# Finally got some work done on my 240, if anybody's interested (pics too)



## HybridAndy (Jul 26, 2004)

What's up everybody. I just got finished working on my 240 today and though I'd share a little. Took me about 3 hours but I managed to yank all the old garbage wires out of the thing (bunch of wiring for amps and whatnot). I had to pull both front seats and the bottom rear seat to get it all out. Took everything and threw it in a bag and it all weighed 8 pounds so that's not bad. 



















I also installed a radio (the previous owner had the radio "stolen" a few days before I drove to NY to pick it up, I think it was in his closet) but took a while to get everything right. All the factory plugs where hacked off so all I had was bare wire and even the wires that were connected were just barely twisted and then wraped and wraped and wraped in electrical tape. There was also about 10 feet of crap house speaker wire attached to the speaker leads (I have no idea why). The antenna lead was also hacked off and just bare wire (the rest of the plug was laying inside somewhere). I just bought a new motorola style push on plug and it's working but it's not perfect, need to figure out something else. I also bought a dash kit from a local stereo place and it was for every Nissan made since the mid 80's and it fits like crap so I need to find a new one. Anybody using a stereo dash kit made specifically for a 240sx and know where I can get one. This one isn't even held down with anything (screw holes didn't line up) and I can't put the radio's trim ring on because it won't fit around the top. I also had to replace 2 blown fuses to get the radio working too (turns out the dome light fuse will stop the radio from working? There's a diagram in the FSM about it and it shows that). Now my dash clock and delay wipers work again and the seatbelt moves with the car off (that was driving me nuts). Fixed the shifter boot too, it was only held in a few places and had big holes you could see down thorugh.

I ran out of time/energy but I still need to fabricate a battery tie down. I bought an adjustable top strap and some threaded rod but I haven't put it together yet. It didn't come with anything except the front J hook and it's too short to use for my strap anyway. I also need to pull the front wheel off and replace one of the wheel studs. I picked one up but didn't have time to get started on it.

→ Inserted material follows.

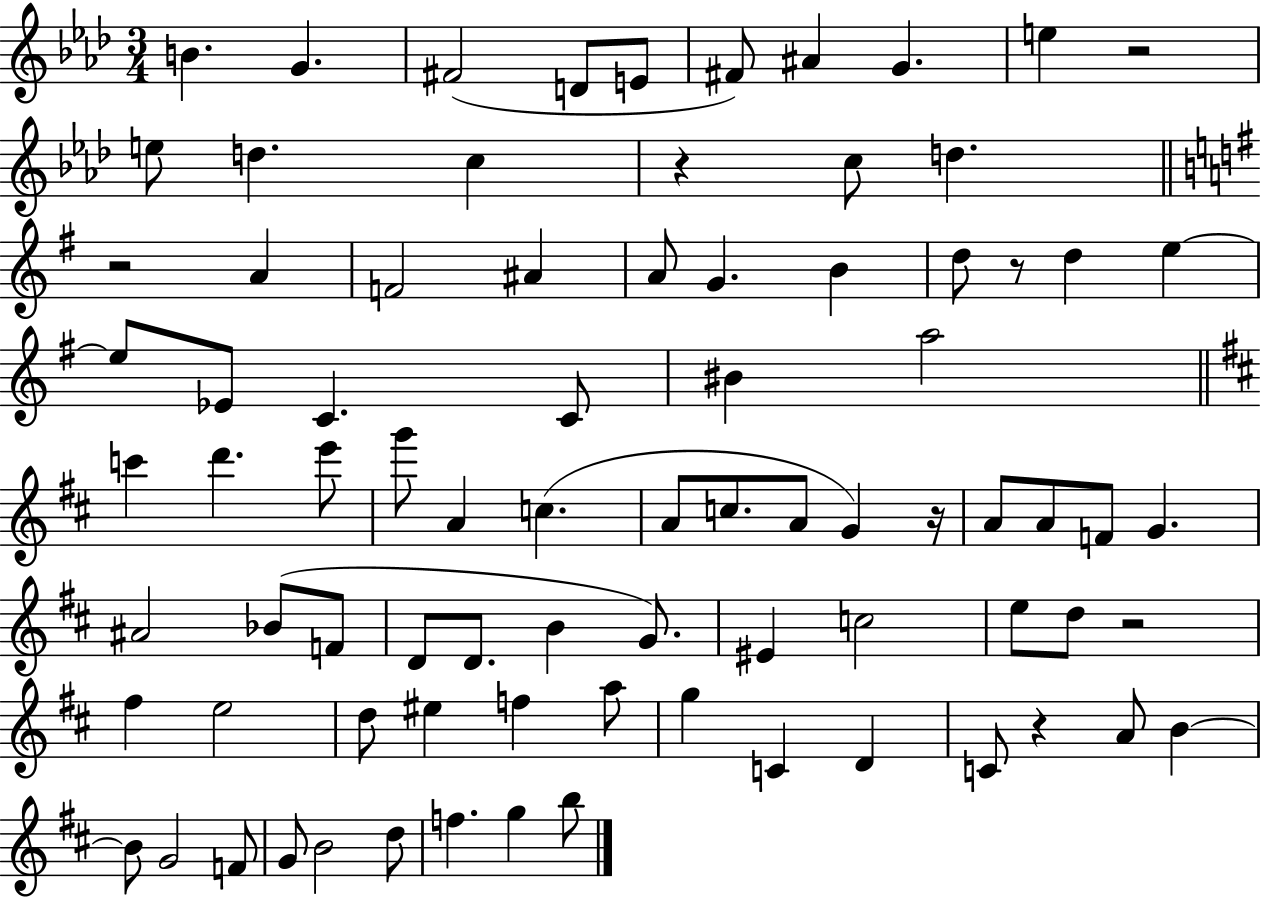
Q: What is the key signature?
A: AES major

Hopefully this week I can get the tiedown finished and get that stud replaced (I think the 10 hour shifts are done at work so I should have some time) and I want to run it up to the local drag strip. The clutch is completely shot (gas it hard and the engine revs like you downshifted but you haven't touched the clutch) but I'd like to at least get some baseline numbers. I just ordered a complete 180sx front cut last wednesday so hopefully it will be here this week sometime so I'm not worried too much about the stock KA (there's a thread in the SR20 forum called "ordered my SR20" if you want to read it). Anyway, I don't know if anybody even cares but I though I'd post it up and put up some pictures. Here's a link to all of them, I'll probably add more soon when I take them.

http://divizion.com/240/


----------



## Prelude Guy (Jul 19, 2004)

Hey Andy,

The car looks good. Did you shampoo the carpet too?? I want to take my seats out and do that.

Congrats on the front clip purchase. Looks like you are on a mission with that car. Good job. :thumbup: 

I was working on my 240 today too. I changed the oil and tried to figure out why my car is hesitating. Still can't figure it out.  I thought it was the injector....but I think I am wrong again.  I am going to see if the O2 sensor is bad. 

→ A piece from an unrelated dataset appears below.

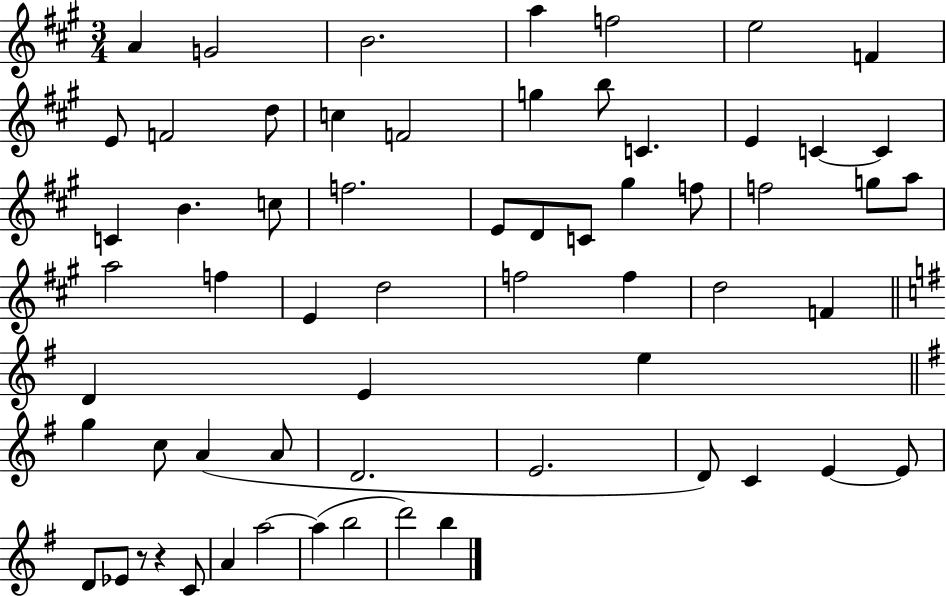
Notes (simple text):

A4/q G4/h B4/h. A5/q F5/h E5/h F4/q E4/e F4/h D5/e C5/q F4/h G5/q B5/e C4/q. E4/q C4/q C4/q C4/q B4/q. C5/e F5/h. E4/e D4/e C4/e G#5/q F5/e F5/h G5/e A5/e A5/h F5/q E4/q D5/h F5/h F5/q D5/h F4/q D4/q E4/q E5/q G5/q C5/e A4/q A4/e D4/h. E4/h. D4/e C4/q E4/q E4/e D4/e Eb4/e R/e R/q C4/e A4/q A5/h A5/q B5/h D6/h B5/q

Can't wait to see updated pics when you install the motor. :thumbup:


----------



## HybridAndy (Jul 26, 2004)

Woo, I got a reply! No, just vacuumed the crap out of it (crappy digital camera and a few feet to wonders to hide little details). Carpets actually in pretty good shape considering the age and miles. Lots of sand though, I guess they have beaches in NY. Seats are easy, 4 bolts and 1 electrical clip under the drivers side and your done. 

Thanks for the congrats. Hopefully it's here before wednesday (I'm having it shipped to the machine I work at to store it in the warehouse) but I'm working part time right now so I'm only going to be there till Wednesday around lunch. I'm going to call tomorrow and see if I can get a tracking number. Hopefully have it running under SR power pretty soon. 

I should change the KA's oil (it took a quart when I got home to even show up on the dipstick, and looks dark then anyway) but I don't think I'm going to bother. What's your car doing exactly? Have a link to a thread? 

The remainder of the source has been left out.